Action item: Transcribe the listing that follows in full, omitting pictures.

Recorded information:
Start of Block
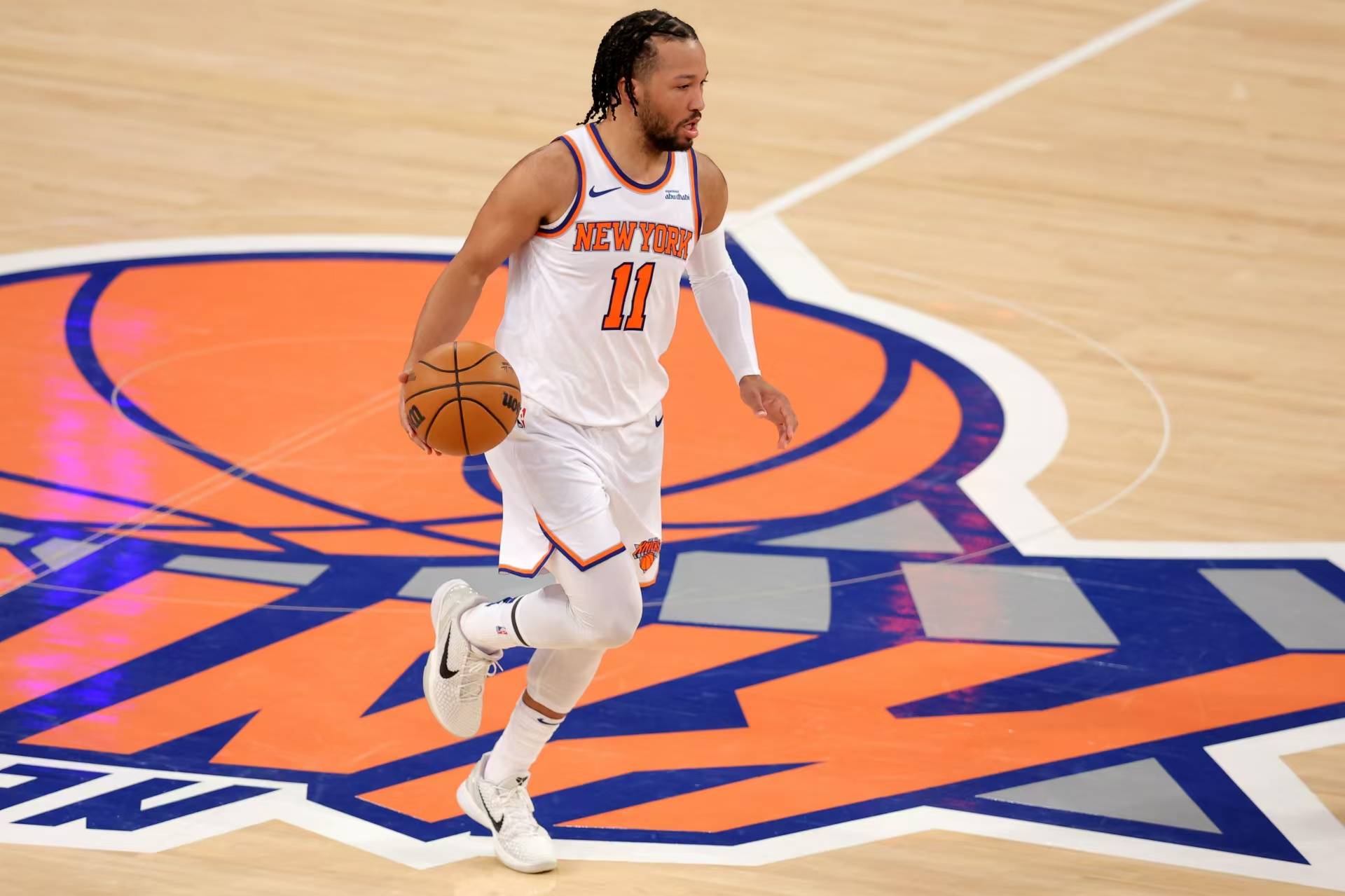 包含尼克斯轻取马刺，乔治·希尔统治全场的词条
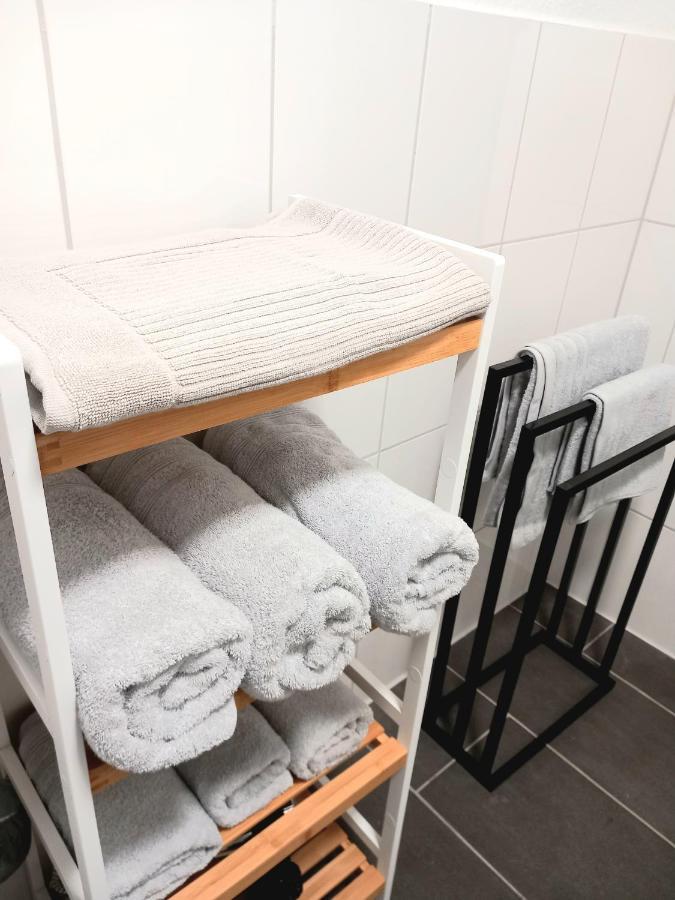 City Apartment Duisburg 2#Netflix &Wlan &Kingsize Bett & Kaffee Maschine & Central & 500M Innenhafen & 2 Min U Bahn Ngoại thất bức ảnh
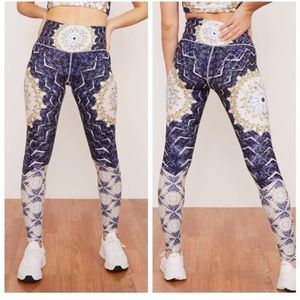 Wolven reverie leggings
End of Block
Output for this exercise:
 包含尼克斯轻取马刺，乔治·希尔统治全场的词条
 City Apartment Duisburg 2#Netflix &Wlan &Kingsize Bett & Kaffee Maschine & Central & 500M Innenhafen & 2 Min U Bahn Ngoại thất bức ảnh
 Wolven reverie leggings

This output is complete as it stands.